Over the past two months, Monticello’s archaeologists have discovered two previously unknown archaeological sites that were once the homes of enslaved people who lived at Tufton, about a mile and a quarter east of Jefferson’s mountaintop mansion. Our preliminary assessment of the artifacts indicates that the earlier of the two sites was occupied in the first few decades of the nineteenth century, probably by enslaved field laborers who worked on the Tufton farm. Tufton was one of four quarter farms that comprised Jefferson’s Monticello Plantation.

This site also contains artifacts that date from the mid to late-nineteenth century. This indicates that after Jefferson’s death and the sale of his slaves to pay his debts, the site was occupied by slaves belonging to Tufton’s subsequent owners, the Macons, who acquired the tract in 1833. The Macons built the Greek-revival style brick house that still stands on the property today. At his death in 1851, Colonel Thomas Macon was among Albemarle’s wealthiest farmers - thanks to the labor of his 46 slaves. The artifacts recovered from this second newly discovered site date from the mid through late-nineteenth century. This later site also contains above-ground remains of at least two houses:  A stone foundation and a brick chimney stack.

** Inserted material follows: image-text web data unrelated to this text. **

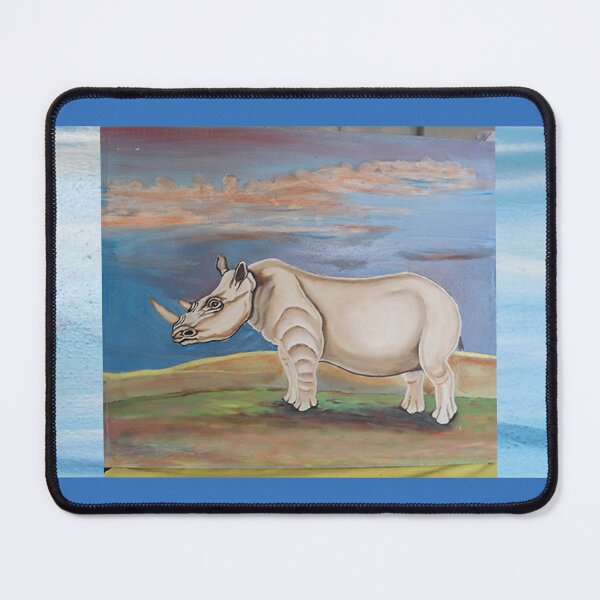 Item preview, Handsome Rhinocerous born not Medicine designed and sold by annenambiro.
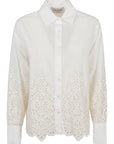 ERMANNO FIRENZE Shirts White
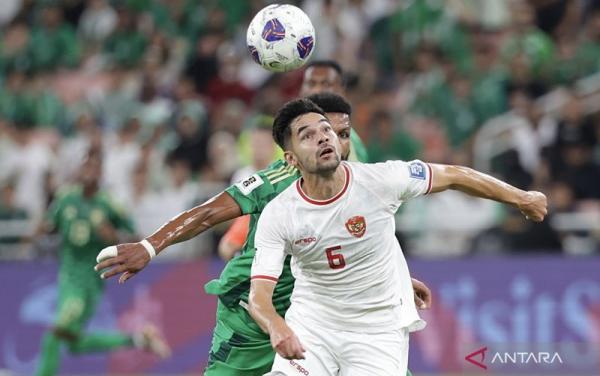 Indonesia Peroleh Poin Imbang Lawan Arab Saudi, Shin Tae-yong: Pertahanan yang Solid Adalah Kunci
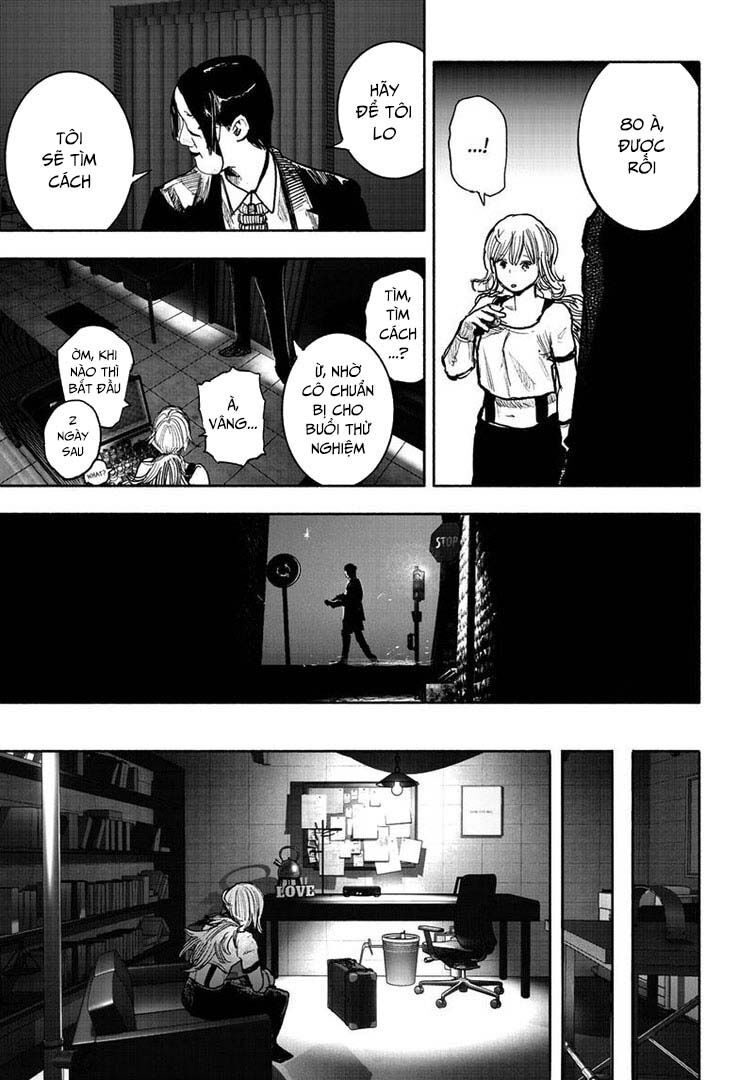 Siêu Nhân X Chap 39 - Next Chap 40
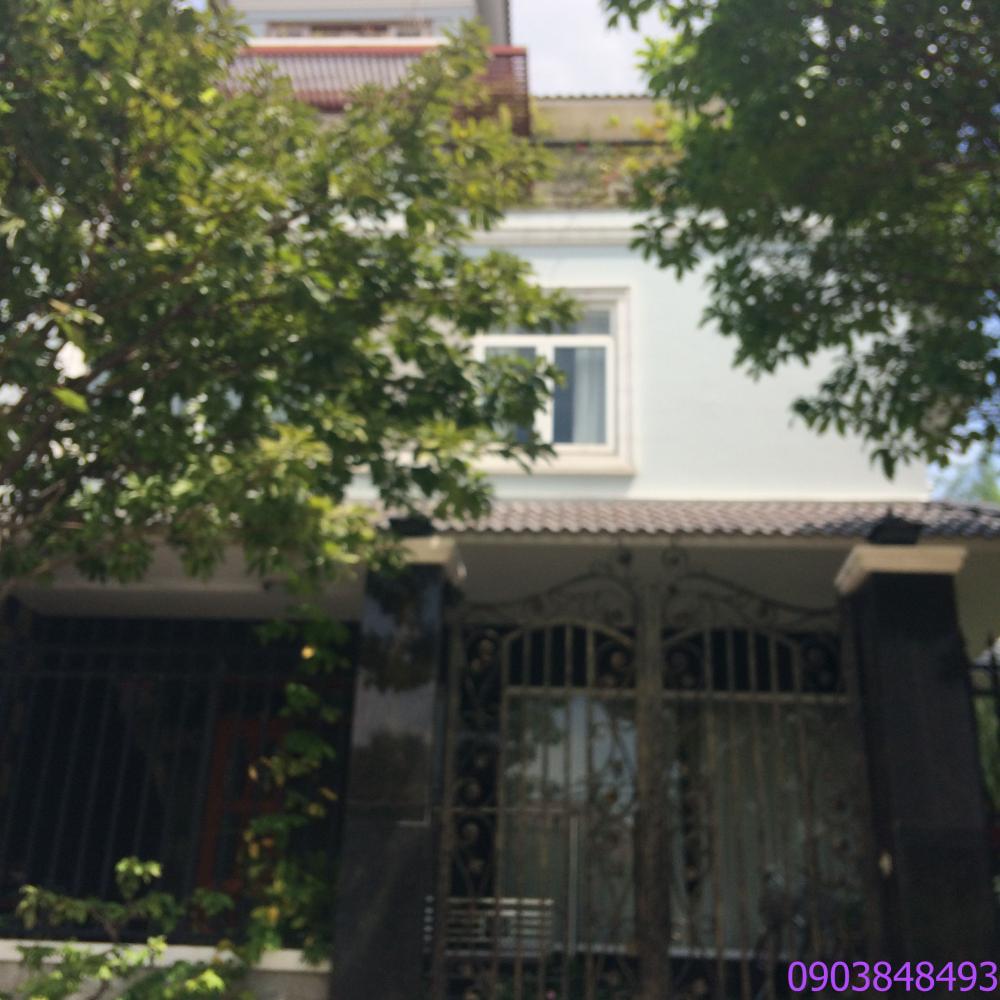 Cho thuê villa 20x20m, Nguyễn Văn Hưởng, Thảo Điền, Quận 2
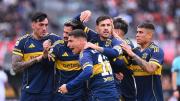 Boca recibe a Tigre en La Bombonera buscando mantener el liderazgo del Grupo A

A Padlock, matching one found on Mulberry Row

We are excited about the new discoveries. The Jefferson-era remains on the earlier site give us an opportunity to assess how the material lives of enslaved field hands living on the outlying Tufton quarter farm compared to the lives of two other segments of the Monticello slave community: Field hands who lived and worked on the slopes of Monticello Mountain and domestics and artisans living on Mulberry Row. Secondly, the two later nineteenth-century scatters offer the possibility of studying how the material lives of slaves changed from Jefferson’s time up until the Civil War, and then again after emancipation.

Both sites are what archaeologists call “palimpsests” after the ancient Latin word for a wax tablet on which letters have been incised, then erased, and then written on again, with traces of the original letters still showing beneath the new ones. Understanding Tufton’s newly discovered artifact palimpsests will require cataloging the artifacts and using statistical techniques to analyze the spatial patterns in temporally-sensitive ceramic types. This will allow us to distinguish which parts of the site were occupied at different periods. That work should be complete in a month, so check back here for updates!

Significant Jefferson-era artifacts recovered during the recent survey work include a padlock, which matches one found on Mulberry Row, a glass bead, a slate pencil, a metal coat button, along with scores of datable ceramic sherds in refined English earthenwares and some Chinese porcelain. The sites are large. The earlier artifact scatter measures about 875 by 400 feet while the later one is about 750 by 200 feet. Our initial hypothesis is that they represent multiple, widely spaced single-family houses. 


Newly found artifacts: A glass bead, a slate pencil, a metal coat button, and ceramic sherds

The new research at Tufton is part of an ongoing research initiative:  The Monticello Plantation Archaeological Survey. Begun in 1997, the Plantation Survey is an ambitious, multi-disciplinary project, designed to document and explain the settlement and land-use history of the more than 2000-acres comprising the core of Jefferson’s Monticello and owned by the Thomas Jefferson Foundation (TJF) today.  The Survey relies on shovel test pits (STPs), dug on a 40-foot grid, to find archaeological sites. So far, Monticello’s archaeologists have dug roughly 20,000 STPs across 600 acres. We have covered about 64 of Tufton’s roughly 500 acres, with a total of 2800 STPs.

Documents indicate that there are many more exciting discoveries to be made at Tufton, including the locations of houses of slaves and overseers from the mid-eighteenth century when the property was farmed by Thomas Jefferson’s father, Peter, and from the late-eighteenth century, when Thomas Jefferson assumed management of the property. In addition, there are surely more undiscovered early-nineteenth century sites. In last year’s survey work at Tufton, archaeologists discovered a small late–eighteenth century site, adjacent to the Macon’s ante-bellum mansion. Jefferson’s survey plats reveal that Elizabeth Hemings, the matriarch of Monticello’s famous Hemings family, lived there in the early 1790’s. In addition, the back yard of the mansion contains a large scatter of early-19th century ceramics, which are likely the result of occupation by tenants, including Jefferson's grandson, Thomas Jefferson Randolph.